Exercise inputs:
<<<<

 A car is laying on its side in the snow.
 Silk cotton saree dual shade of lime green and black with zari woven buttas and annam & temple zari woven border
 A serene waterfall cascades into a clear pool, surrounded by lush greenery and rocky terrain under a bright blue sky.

>>>>
<<<<

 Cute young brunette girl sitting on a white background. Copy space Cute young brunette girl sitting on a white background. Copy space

>>>>
<<<<

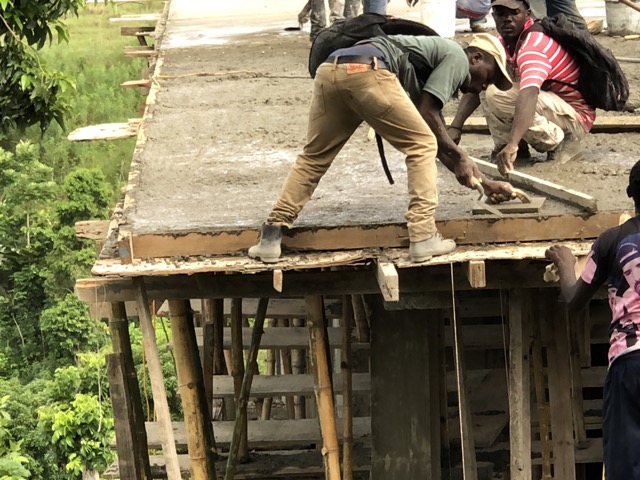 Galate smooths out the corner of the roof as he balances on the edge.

>>>>

In the entries above, find the line holding "A car is laying on its side in the snow." and the line holding "A serene waterfall"; print both of them and every line between, exactly, and nothing else.

The answer:
 A car is laying on its side in the snow.
 Silk cotton saree dual shade of lime green and black with zari woven buttas and annam & temple zari woven border
 A serene waterfall cascades into a clear pool, surrounded by lush greenery and rocky terrain under a bright blue sky.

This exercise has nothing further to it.